En diciembre de 1977 en las páginas del diario La Nación se publicó una lista de nombres que exhibía el alcance de la desaparición de personas. No fue producto de una investigación periodística sino del registro que desde fines de 1975 hacían les familiares de las víctimas. “Por causa de esa lista el gobierno no pudo decir que no había desaparecidos”, diría años después Emilio Mignone. Esas nóminas fueron el primer paso de un método: dejar escrito lo que ocurría en papeles capaces de comenzar el áspero camino que podía llevar a la justicia, acopiar los nombres propios y las circunstancias, hacerlos atravesar pasillos, mostradores, ventanillas, indiferencias, dejarlos tallados en la burocracia estatal, también en la más hostil, insistir hasta que algún funcionarie judicial moviera el expediente de un cajón a otro, volver a empezar.
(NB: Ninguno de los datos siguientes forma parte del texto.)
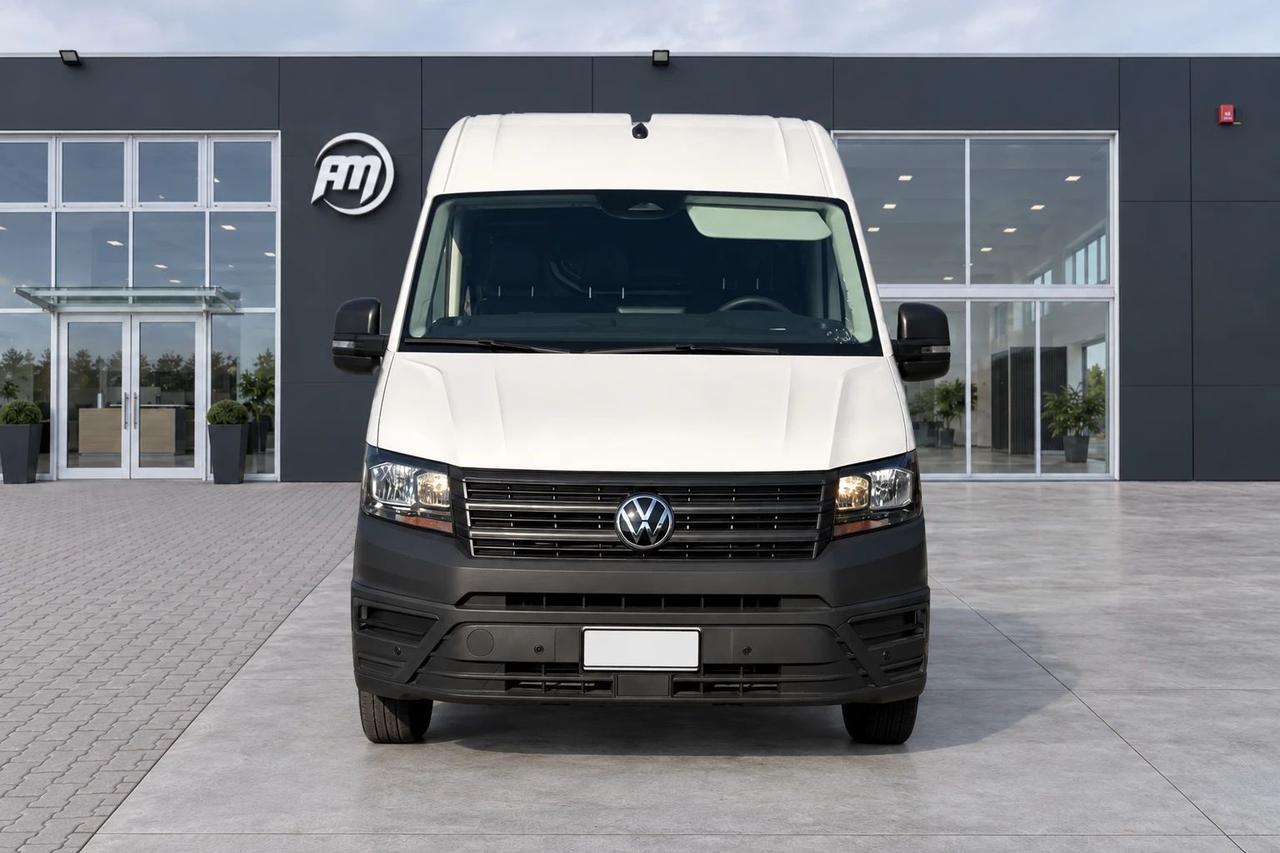 Volkswagen Crafter 2.0TDI 140CV L3H3 +IVA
Mónica, 24 años, fue secuestrada en la casa que compartía con sus padres, Emilio Mignone y Angélica Sosa de Mignone. Augusto María, hijo de Augusto Conte y Laura Jordán de Conte, fue desaparecido por la Armada mientras hacía el servicio militar obligatorio. Liliana, hija de Alfredo Galletti y Élida Bussi de Galletti, fue desaparecida cuando tenía 31 años. Gustavo José, hijo de Boris Pasik y Elena Dubrovsky, fue desaparecido cuando tenía 19 años. Gustavo, hijo de José Federico Westerkamp y Ángela Muruzábal de Westerkamp, fue detenido, torturado y estuvo preso siete años y medio. Alejandra, 19 años, hija de Carmen Aguiar de Lapacó y Rodolfo Lapacó, estuvo secuestrada junto con su madre y nunca recuperó la libertad. Noemí Fiorito de Labrune no tenía familiares biológicos víctimas del terrorismo de Estado pero sí había cuidado a Leticia Veraldi, detenida desaparecida a los 17 años. Todes les hijos eran militantes. Todes les adultes fundaron el Centro de Estudios Legales y Sociales, hace ahora 40 años.
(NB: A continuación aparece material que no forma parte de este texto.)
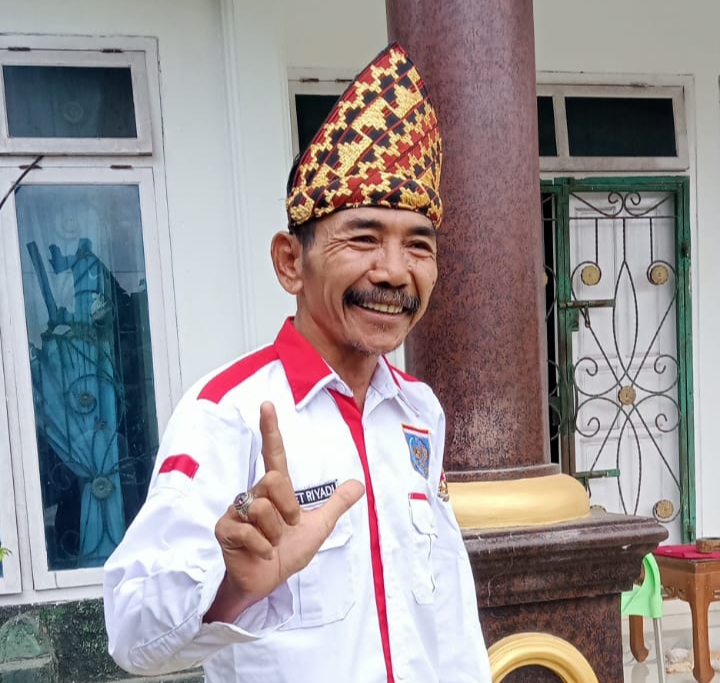 APDESI Kabupaten Pringsewu Sambut Baik Instruksi Gubernur Lampung “Kamis Beradat”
La documentación de las denuncias, el esfuerzo por explicar el funcionamiento del método represivo, el trabajo internacional para saltear el laberinto interno y la presión sobre el Poder Judicial fueron las estrategias para luchar contra la impunidad del terrorismo de Estado.
Con el final de la dictadura, estos caminos también resultaron potentes para documentar, investigar y buscar justicia por las violaciones de los derechos humanos cometidas en democracia, aunque ya no como parte de un plan sistemático. Al mismo tiempo, se abrió el escenario para incidir en las políticas
públicas y aportar a la construcción de un Estado cada vez más democrático.
Hoy, somos parte de los movimientos que en todo el mundo lucha por los derechos.
Por la dignidad, por el derecho a organizarse, a participar, a protestar, a migrar, a la justicia, a la igualdad.
En cada instante este movimiento es historia, presente y futuro. Por eso es imparable.